--- DATA FOR THIS EXERCISE ---
**********
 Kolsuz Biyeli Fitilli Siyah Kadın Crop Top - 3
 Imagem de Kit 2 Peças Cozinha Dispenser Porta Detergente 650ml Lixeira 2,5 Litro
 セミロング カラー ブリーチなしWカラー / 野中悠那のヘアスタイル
**********
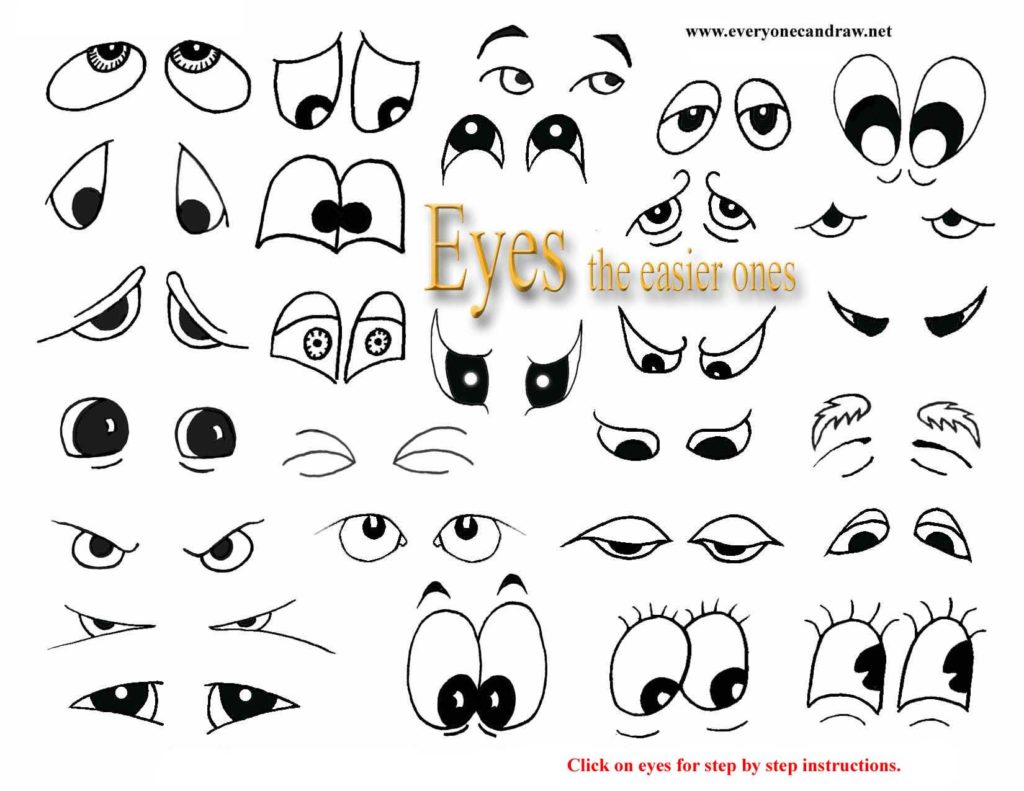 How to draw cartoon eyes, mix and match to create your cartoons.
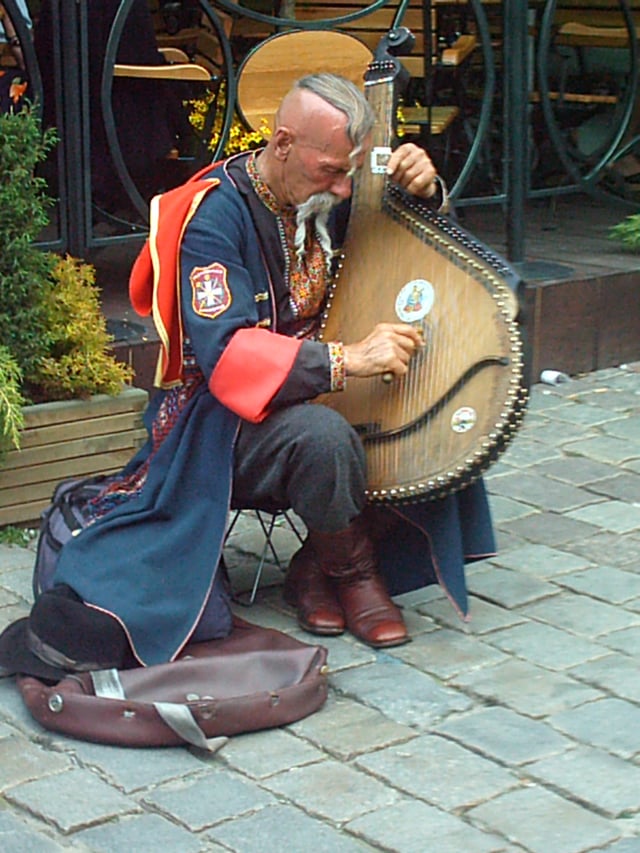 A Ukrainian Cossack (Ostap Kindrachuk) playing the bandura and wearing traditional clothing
**********
--- WHAT IS REQUIRED ---
Retype only this portion of the data above: the line containing "Imagem de Kit", the line containing "セミロング カラー ブリーチなしWカラー / 野中悠那のヘアスタイル", and all lines between them, exactly.

--- RESULT OF THE EXERCISE ---
 Imagem de Kit 2 Peças Cozinha Dispenser Porta Detergente 650ml Lixeira 2,5 Litro
 セミロング カラー ブリーチなしWカラー / 野中悠那のヘアスタイル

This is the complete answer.